Face à cette insécurité organisée, beaucoup de familles ont préféré rester enfermées chez elles plutôt que de risquer leur vie. Oui, nos concitoyens ont choisi la prudence, non par indifférence, mais par peur. Et cette peur, savamment entretenue, a été l’un des instruments les plus puissants de la confiscation du vote populaire. Je condamne avec fermeté ces comportements déloyaux et contraires à l’esprit démocratique.
II- UNE ÉLECTION PROFONDEMENT INÉGALE
Je dénonce également la dérive financière du processus électoral, qui crée une inégalité insurmontable entre les candidats. En effet au-delà de toutes les autres dépenses de la campagne électorale pour simplement assurer la présence de nos représentants dans tous les bureaux de vote, il nous aurait fallu mobiliser plus de 630 millions de francs CFA, chaque représentant coûtant entre 10 000 et 25 000 F CFA selon les zones. Aucune démocratie digne de ce nom ne peut tolérer ni supporter une telle injustice structurelle.
III- DES RÉFORMES À ENGAGER ET L’APPEL AU DIALOGUE NATIONAL
Je réaffirme ma détermination à poursuivre le combat pour une réforme profonde du système électoral. La Côte d’Ivoire ne pourra pas bâtir une démocratie durable tant que :
– les institutions électorales resteront sous tutelle politique ;
– le financement des campagnes ne sera pas équitablement régulé ;
– la transparence des résultats ne sera pas garantie par la loi et la
Technologie.
Je demande l’ouverture d’un Dialogue National inclusif, pour restaurer la confiance, recoudre le tissu social et panser les blessures de notre Nation. Ces blessures — faites d’exil, d’humiliation, de divisions et de prison — ne guériront ni par la force ni par le silence, mais par la vérité, la justice et le pardon mutuel.
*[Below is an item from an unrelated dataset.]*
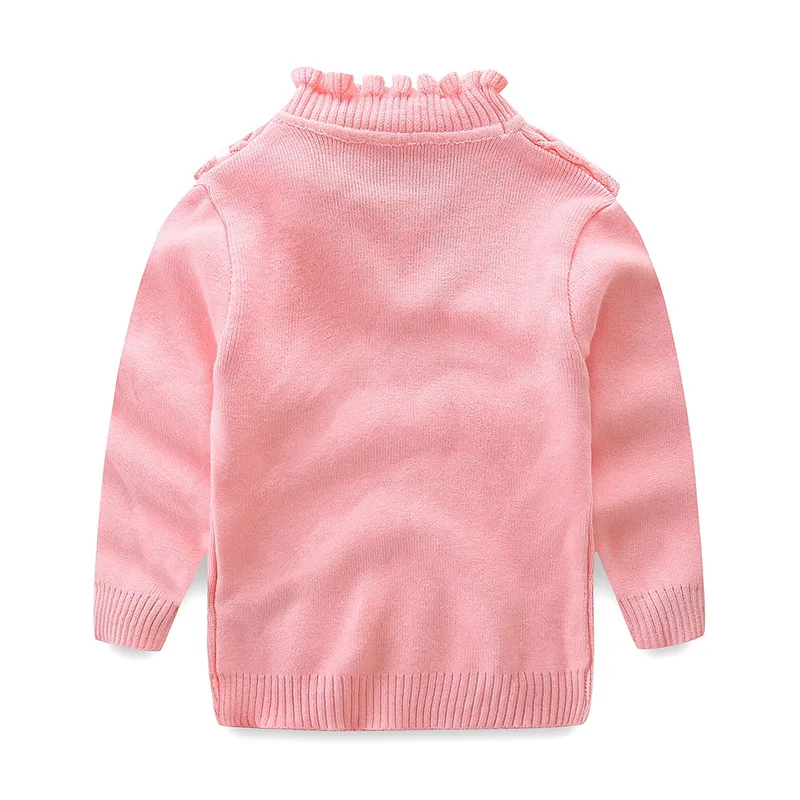 Осень-зима 2018 свитеры для девочек Rlyaeiz кружевная водолазка с оборками детская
Je sollicite la clémence du Président de la République pour la libération de toutes les personnes arrêtées et non encore jugée et l’amnistie ou à défaut la grâce présidentielle pour toutes les personnes déjà jugées et condamnées dans le cadre de cette élection : militants, délégués ou simples citoyens. Aucun Ivoirien ne doit être emprisonné pour avoir exercé un droit démocratique.
IV- UNE FOI INTACTE DANS LE DESTIN DE LA CÔTE D’IVOIRE
Mes chers compatriotes,
Je tends la main à tous : au vainqueur du jour, aux partis politiques, à la société civile, aux jeunes, aux femmes, aux chefs traditionnels et aux religieux.
Unissons nos intelligences et nos cœurs pour rebâtir notre pays sur des bases morales, souveraines et dans la solidarité.
Je l’ai déjà dit et je le répète : ma vie entière est un engagement pour la liberté, la dignité et la souveraineté de notre peuple. Je continuerai à me battre, avec la même détermination, pour l’idéal de société que je porte : une Côte d’Ivoire réconciliée, totalement transformée, souveraine et fière de son identité africaine.
Le chantier continue. Et tant qu’il y aura dans ce pays des hommes et des femmes debout, rien ne sera perdu.
Je vous remercie », a déclaré Docteure Simone Ehivet Gbagbo.